This is a common mis-conception most of the developers have. No one has become expert in a single day. It takes time for mastering a skill. All it requires is a little bit of your time and dedication.

The people who you are comparing yourself with aren't some giant warriors with gifted knowledge. They spent time and understood things, learned from their mistakes and advises from others.

I am no master myself and trying to get better of me everyday.

Try this,

  1. Don't start learing React, right now. Before starting with react you need to know some basics of JS, destructuring, ES6 syntaxes, promises etc.
  2. Learn JS basics, do problem solving for couple months to get strong with JS and logical thinking. This helps you ace coding interviews as well. I would recommend structy.net by Alvin.
  3. Once you get a good hold of JS, now start with React.

Here is my advise!!

Developers, you can buy React course by Stephen Grider and Andrei Neagoie on Udemy. BUT.. why can't you learn by doing?? Start writing something it won't come up... read documentation reactjs.org its the best site that gives insights on each and every line of code you write.

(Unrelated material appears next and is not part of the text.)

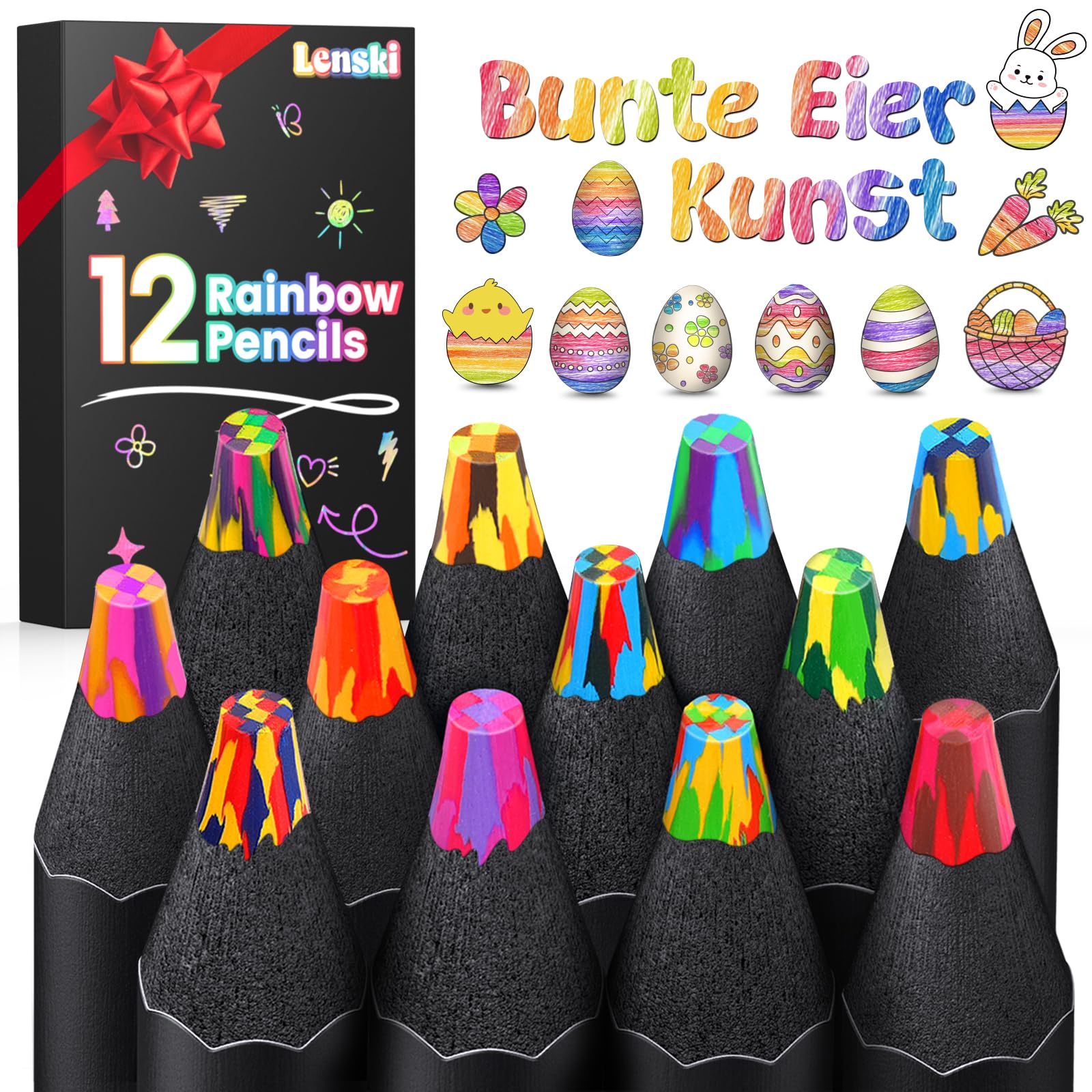 Lenski Ostergeschenke Kinder, Ostern Geschenke Kinder Ostern Basteln, Mitgebsel Kindergeburtstag, Geschenke für Mädchen 4-12 jahre, 12 Farben Regenbogenstift, Buntstifte Kinder Stifte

I am a Full Stack developer will over 10 years and been working on React for over 4 years now. I would say you don't mimic already existing applications.

Here are some of my ideas which if it helps, try it and if it not, please don't hesitate to ask questions.

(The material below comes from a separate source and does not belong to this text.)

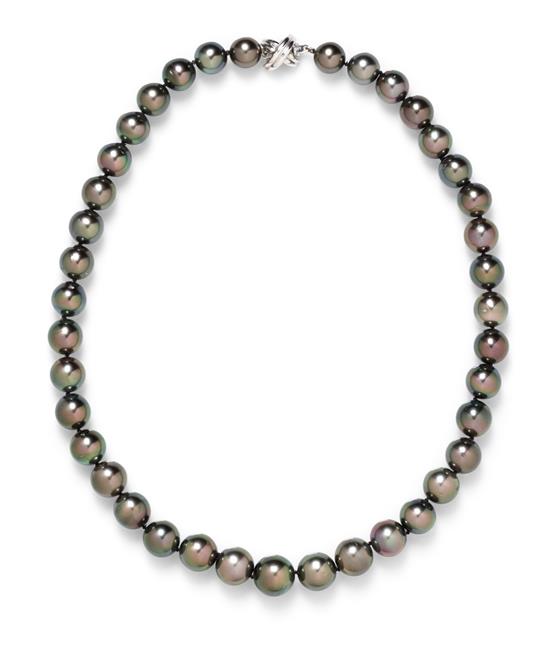 Appraisal: Sale Lot A Single Strand Cultured Tahitian Pearl Necklace with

For starters, learn the basics that's enough, don't go deep...

  • First bootstrap a react application with CRA or any boilerplate code.

  • I would recommend using functional components with hooks and materialUI, react-hook-form for form data, react-query for queries, etc..

  • Now think of an idea or app you wanna build. I recommend you build an app that represents your resume (more or so a portfolio website). You can showcase this to recruiters once it's production-ready. ;)

  • Don't build re-usable components right away..

  • Start simple, go check StackOverflow and get some ideas in building navbar, sidebar, or check for ideas to do them.

  • Now, write some code and bring up the app.

  • Hardcode data, for now, there is no rush in getting data from API, and don't mess the code right aways with APIs, databases, etc.

  • Once your app is ready with hardcoded data.

  • I would recommend FIREBASE as your database, everything JSON and you'll love it.

  • Connect the Firebase with your app. Get some data and refactor the hardcoded data with API data.

  • Now where you feel you duplicated code, make them a reusable component. Like Modal, Button, TextField, Notification, Select, Image, FileUpload, ToolTip, Router Link, etc.

  • Now once this is up and working... install redux and inflate the state. Connect the store and get it ready.

  • By this time you're hands are dirty and you know what's happening within the app.

  • So now you are an intermediate React developer --------------

Do you want to become an expert?

  • Have an API wrapper that takes the request and serves you API data. This will be a pattern all your XHR requests follow.

  • Each Component should serve a single purpose, if you think the feature you're adding should be separated, don't hesitate... Just separate, and later you can more shine on this code.

  • Check for code quality, your code should not flood the state.

  • Now, check how many times each of your components is rendered. use useCallback or useMemo to reduce the number of re-renders, this will lower the burden on DOM.

Note: You can use NextJS to do the same and it will really be cool. GoodLuck.

Don't buy all the paid courses. There are plenty of online free resources available and they would definitely help you. Spend a week determined and if you still feel there are bits and pieces missing. You can always buy a paid course.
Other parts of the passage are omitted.